Since I was three (meaning, for the past 58 years), there was only one year in which I was not a school girl, or teaching at an academic institution. (It was the year after I graduated from law school.) All other Septembers, for me, have triggered first day of school thoughts and preparations. I lived my life by the academic calendar! Until I switched to online datebooks, each year I bought one that began with September. This is the way I think of a fresh start. It starts now, today, with the first day of school.

So you would think it would be immensely hard to transition to a time when the beginning of school holds no meaning. That, after 58 years, I'd be so rooted in a fresh start in September mentality, that I would lose my grip on life with the elimination of the academic calendar.

Not so!

I had no trouble readjusting to a new perspective.

I was not amused, however, that Isis chose this day to get me up even earlier than a school-targeted alarm clock.
Isis, what is the matter with you??

It was the earliest cheeper wake up ever.


Barely a glow on the horizon.


Dismal, dark, buggy time of day. Makes you feel like some animal will lunge at you from behind the bushes. For company, I have four crazy cheepers and an antsy cat, who cannot sleep when a rooster crows (Oreo starts his song significantly before dawn -- I'm guessing that this is the reason Isis wakes up).

Ah well... All other roads point to a splendid day! Seventies! Cool! Sunny! The kind of day you wished for yourself when it was your first day of school.

Breakfast on the porch. For a change, Ed takes the photo -- of me bringing the usual tray out for us.


We have errands to do, but we do them together and there is never a better time to ride in the back of a motorcycle than on a day like this. We pass our neighboring truck farmer and I pause to pick up a bundle of Chinese lanters from her.

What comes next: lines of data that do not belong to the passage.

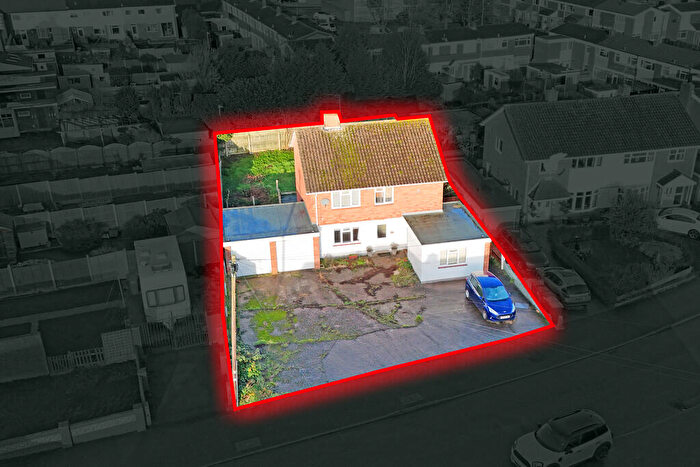 4 Bedroom Detached House For Sale In Royal Meadow Drive, Atherstone, CV9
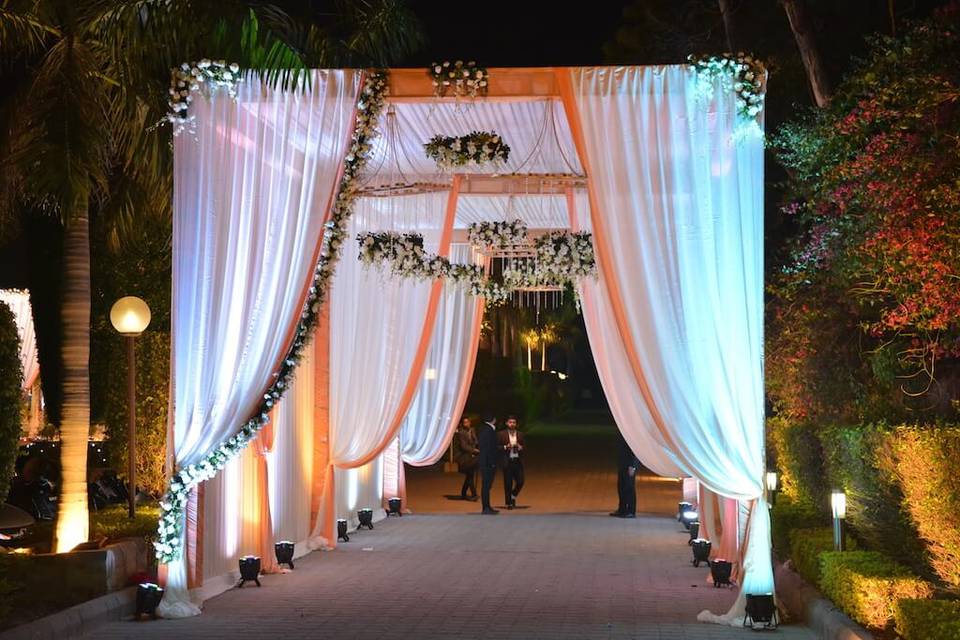 Entrance decor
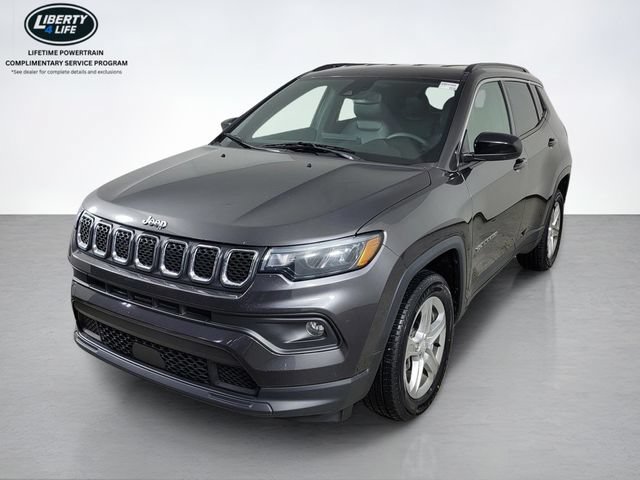 Used 2023 Jeep Compass Latitude w/ Convenience Group AWD/4WD image 7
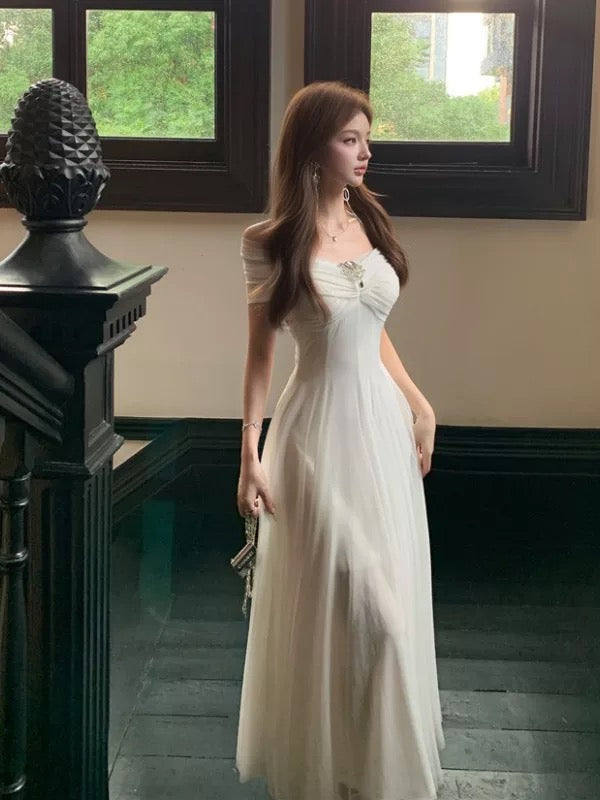 Modest Prom Dresses A Line Off The Shoulder White Chiffon With Sleeves Long Formal Dress N3158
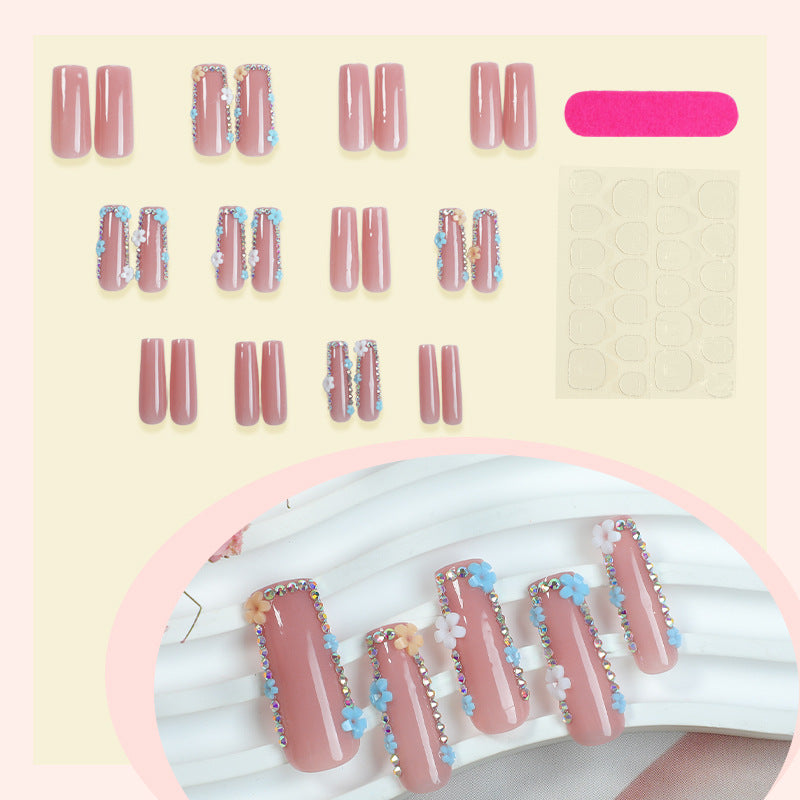 Dekorative Press-On Nagelset mit floralen und Edelsteinakzenten Karnz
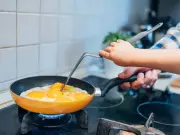Sautéing vs Frying: Key Differences Every Home Cook Should Know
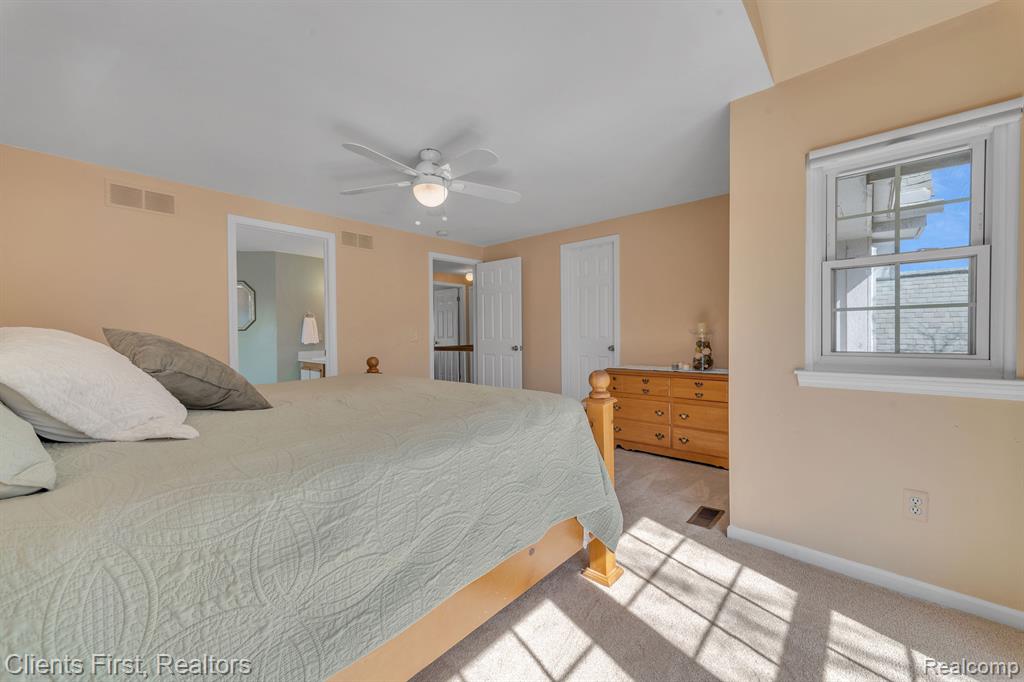 46408 DOUBLETREE Road, Canton, MI 48187 — Photo 27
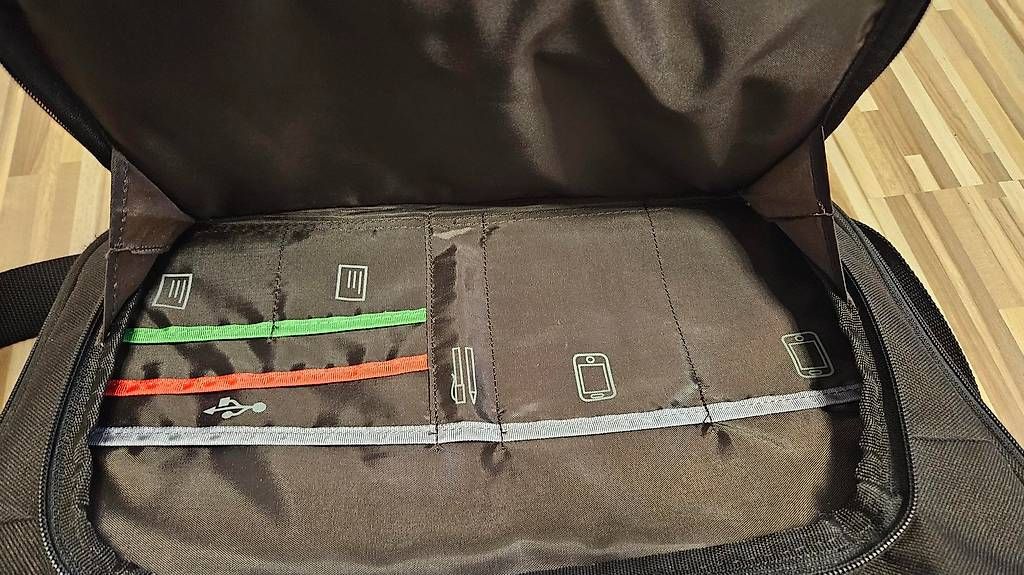 Targus Borse: Targus Laptoptasche / NEU / mit Schultergurt – Nuovo (secondo la descrizione) da Niederbipp venduto da Broker_Online 1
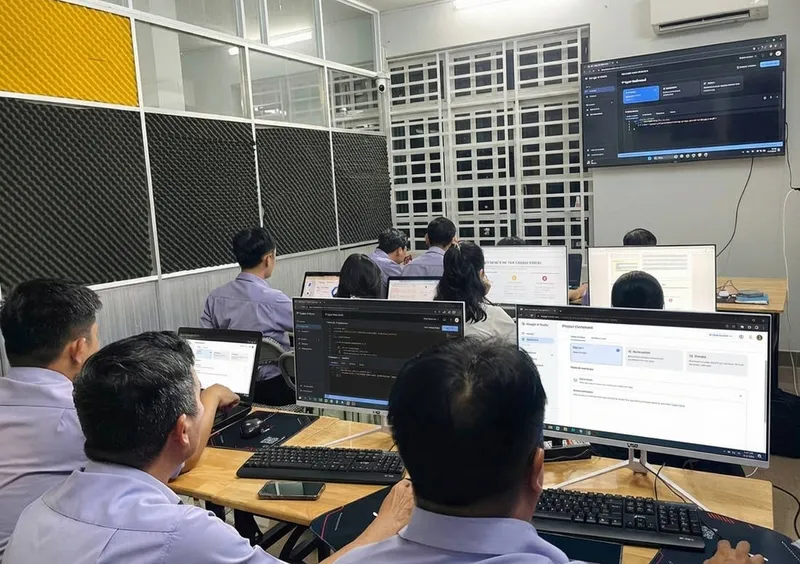Học viên tại khóa học sử dụng Github Copilot Học viên tại khóa học sử dụng Github Copilot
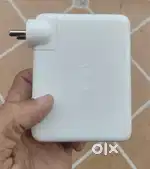 Apple 140w type c adapter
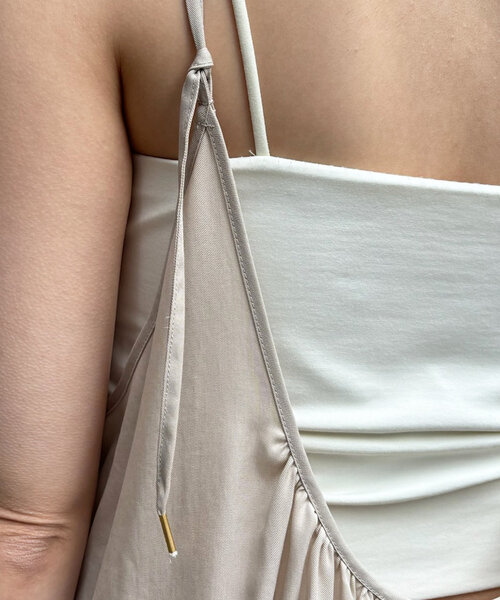 DouDou(ドゥドゥ)の「フィブリルキャミワンピース(ワンピース・レディース・ベージュ/ブラック・FREE)」の11枚目の写真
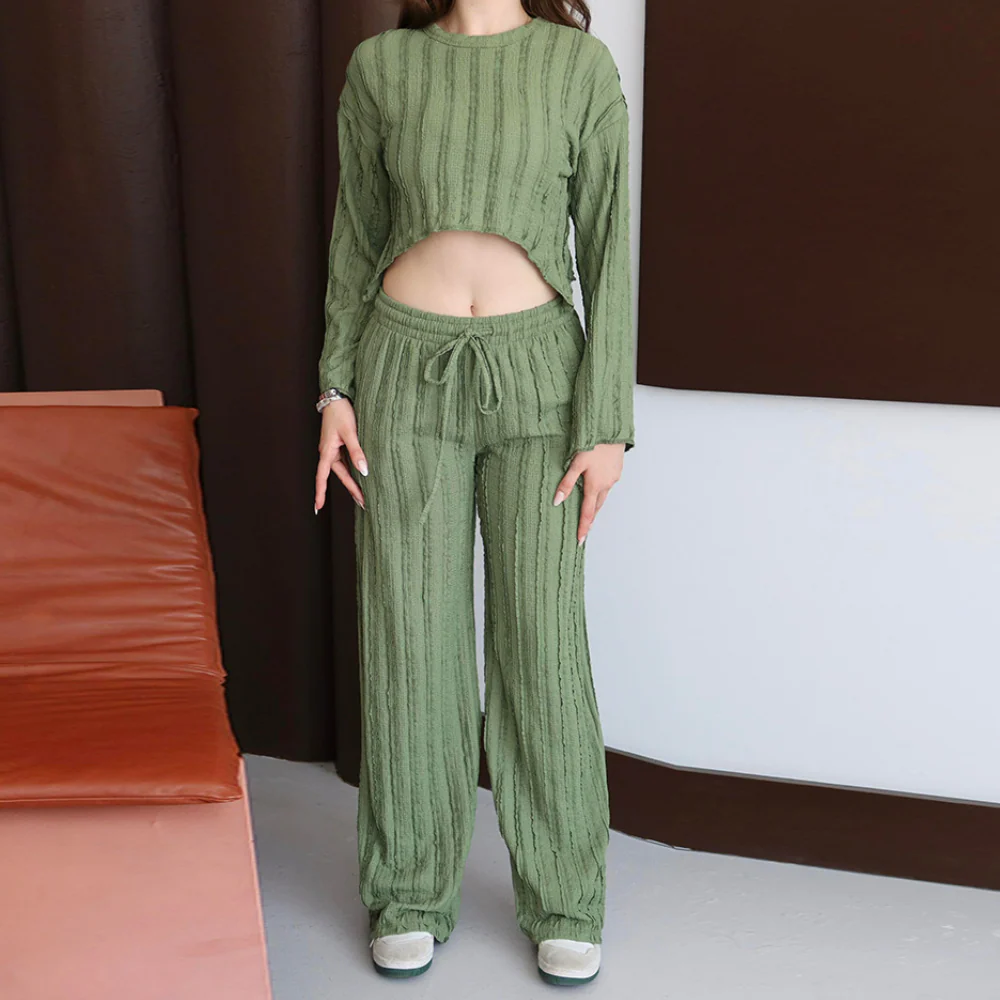 Long sleeve crewneck crop pant set - Image 4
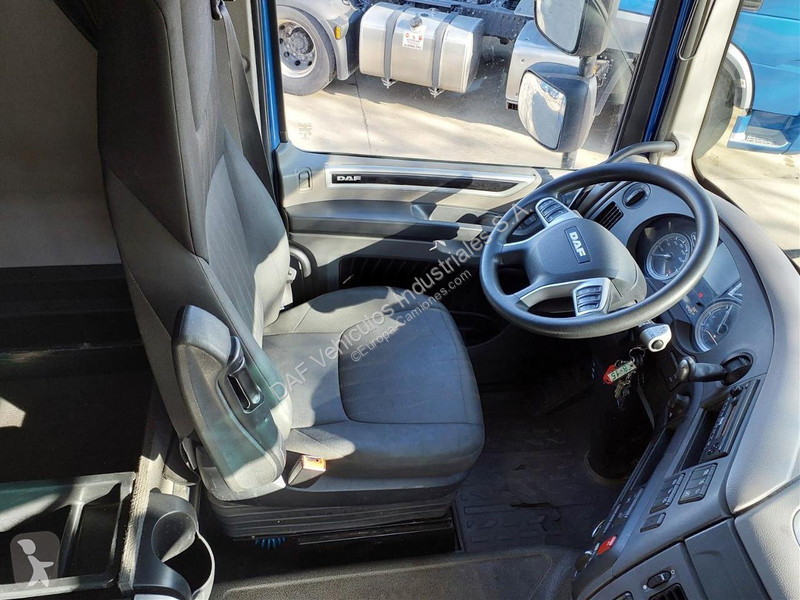 Trekker DAF 450 FT 4X2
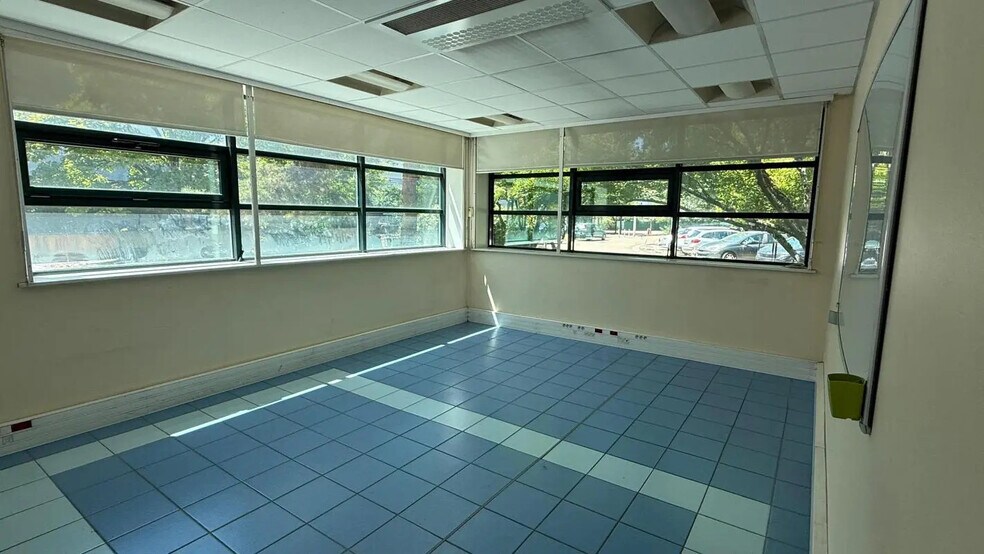 Bureau dans Bourg-en-Bresse à vendre - Photo intérieure – Image 3 sur 11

And of course, I work on various aspects of my writing project. And tennis! Yes, we do that, too.

I'm still convinced that this freedom to read and write is too luxurious. Decadent. Irreverent. That pensions will be cut, that unforeseen circumstances will place me in the employment circles again. That I'll have to write not essays or memoirs or novels, but jingles for commercials, or Hallmark greeting cards. I send this card to you, my dear, to wish you all the best next year.  Scary thoughts. Push them aside. Focus on the day before me -- a beautiful breezy day of yellow sunflowers and orange Chinese lanterns.


And I hope a wonderful day for all those who, in one way or another, did start school today.